The task:
The records that follow are to be transcribed word for word.

Entries taken from a collection
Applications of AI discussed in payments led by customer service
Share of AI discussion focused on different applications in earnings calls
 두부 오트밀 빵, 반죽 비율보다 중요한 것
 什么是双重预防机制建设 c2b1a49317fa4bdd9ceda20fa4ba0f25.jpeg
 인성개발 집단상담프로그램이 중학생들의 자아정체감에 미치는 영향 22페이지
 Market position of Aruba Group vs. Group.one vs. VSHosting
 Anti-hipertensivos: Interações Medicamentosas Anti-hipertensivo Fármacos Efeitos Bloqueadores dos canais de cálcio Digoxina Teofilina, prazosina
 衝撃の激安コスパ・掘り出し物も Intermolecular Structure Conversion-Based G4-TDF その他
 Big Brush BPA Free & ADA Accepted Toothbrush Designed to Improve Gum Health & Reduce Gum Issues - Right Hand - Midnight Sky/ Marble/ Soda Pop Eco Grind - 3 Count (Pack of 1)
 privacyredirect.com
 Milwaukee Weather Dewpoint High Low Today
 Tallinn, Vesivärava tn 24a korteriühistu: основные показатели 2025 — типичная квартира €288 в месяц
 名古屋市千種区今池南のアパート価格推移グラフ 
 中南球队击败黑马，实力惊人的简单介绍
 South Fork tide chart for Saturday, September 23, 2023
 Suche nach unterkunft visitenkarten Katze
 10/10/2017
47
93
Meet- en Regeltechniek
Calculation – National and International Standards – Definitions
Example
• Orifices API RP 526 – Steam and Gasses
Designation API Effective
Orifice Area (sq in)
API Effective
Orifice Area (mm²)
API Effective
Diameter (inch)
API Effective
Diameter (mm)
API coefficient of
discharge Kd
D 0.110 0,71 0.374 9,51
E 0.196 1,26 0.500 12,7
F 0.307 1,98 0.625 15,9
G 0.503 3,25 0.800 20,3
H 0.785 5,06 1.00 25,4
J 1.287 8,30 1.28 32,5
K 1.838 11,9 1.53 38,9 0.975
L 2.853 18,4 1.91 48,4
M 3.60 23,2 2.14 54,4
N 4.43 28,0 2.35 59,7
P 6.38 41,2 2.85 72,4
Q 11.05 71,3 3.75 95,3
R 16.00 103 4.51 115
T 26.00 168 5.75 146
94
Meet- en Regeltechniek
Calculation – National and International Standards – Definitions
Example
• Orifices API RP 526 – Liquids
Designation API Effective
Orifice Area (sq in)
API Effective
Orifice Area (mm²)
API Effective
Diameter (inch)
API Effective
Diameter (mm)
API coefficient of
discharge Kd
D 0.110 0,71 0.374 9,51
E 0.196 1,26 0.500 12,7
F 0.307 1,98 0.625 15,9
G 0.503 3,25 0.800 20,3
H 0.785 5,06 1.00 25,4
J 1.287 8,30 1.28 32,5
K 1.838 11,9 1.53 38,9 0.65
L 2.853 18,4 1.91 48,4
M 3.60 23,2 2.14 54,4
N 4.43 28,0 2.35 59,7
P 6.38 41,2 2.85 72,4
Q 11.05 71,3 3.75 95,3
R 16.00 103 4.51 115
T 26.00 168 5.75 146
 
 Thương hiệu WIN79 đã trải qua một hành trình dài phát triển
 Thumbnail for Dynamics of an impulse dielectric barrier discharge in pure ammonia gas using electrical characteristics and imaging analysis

Answer box:
Applications of AI discussed in payments led by customer service
Share of AI discussion focused on different applications in earnings calls
 두부 오트밀 빵, 반죽 비율보다 중요한 것
 什么是双重预防机制建设 c2b1a49317fa4bdd9ceda20fa4ba0f25.jpeg
 인성개발 집단상담프로그램이 중학생들의 자아정체감에 미치는 영향 22페이지
 Market position of Aruba Group vs. Group.one vs. VSHosting
 Anti-hipertensivos: Interações Medicamentosas Anti-hipertensivo Fármacos Efeitos Bloqueadores dos canais de cálcio Digoxina Teofilina, prazosina
 衝撃の激安コスパ・掘り出し物も Intermolecular Structure Conversion-Based G4-TDF その他
 Big Brush BPA Free & ADA Accepted Toothbrush Designed to Improve Gum Health & Reduce Gum Issues - Right Hand - Midnight Sky/ Marble/ Soda Pop Eco Grind - 3 Count (Pack of 1)
 privacyredirect.com
 Milwaukee Weather Dewpoint High Low Today
 Tallinn, Vesivärava tn 24a korteriühistu: основные показатели 2025 — типичная квартира €288 в месяц
 名古屋市千種区今池南のアパート価格推移グラフ 
 中南球队击败黑马，实力惊人的简单介绍
 South Fork tide chart for Saturday, September 23, 2023
 Suche nach unterkunft visitenkarten Katze
 10/10/2017
47
93
Meet- en Regeltechniek
Calculation – National and International Standards – Definitions
Example
• Orifices API RP 526 – Steam and Gasses
Designation API Effective
Orifice Area (sq in)
API Effective
Orifice Area (mm²)
API Effective
Diameter (inch)
API Effective
Diameter (mm)
API coefficient of
discharge Kd
D 0.110 0,71 0.374 9,51
E 0.196 1,26 0.500 12,7
F 0.307 1,98 0.625 15,9
G 0.503 3,25 0.800 20,3
H 0.785 5,06 1.00 25,4
J 1.287 8,30 1.28 32,5
K 1.838 11,9 1.53 38,9 0.975
L 2.853 18,4 1.91 48,4
M 3.60 23,2 2.14 54,4
N 4.43 28,0 2.35 59,7
P 6.38 41,2 2.85 72,4
Q 11.05 71,3 3.75 95,3
R 16.00 103 4.51 115
T 26.00 168 5.75 146
94
Meet- en Regeltechniek
Calculation – National and International Standards – Definitions
Example
• Orifices API RP 526 – Liquids
Designation API Effective
Orifice Area (sq in)
API Effective
Orifice Area (mm²)
API Effective
Diameter (inch)
API Effective
Diameter (mm)
API coefficient of
discharge Kd
D 0.110 0,71 0.374 9,51
E 0.196 1,26 0.500 12,7
F 0.307 1,98 0.625 15,9
G 0.503 3,25 0.800 20,3
H 0.785 5,06 1.00 25,4
J 1.287 8,30 1.28 32,5
K 1.838 11,9 1.53 38,9 0.65
L 2.853 18,4 1.91 48,4
M 3.60 23,2 2.14 54,4
N 4.43 28,0 2.35 59,7
P 6.38 41,2 2.85 72,4
Q 11.05 71,3 3.75 95,3
R 16.00 103 4.51 115
T 26.00 168 5.75 146
 
 Thương hiệu WIN79 đã trải qua một hành trình dài phát triển
 Thumbnail for Dynamics of an impulse dielectric barrier discharge in pure ammonia gas using electrical characteristics and imaging analysis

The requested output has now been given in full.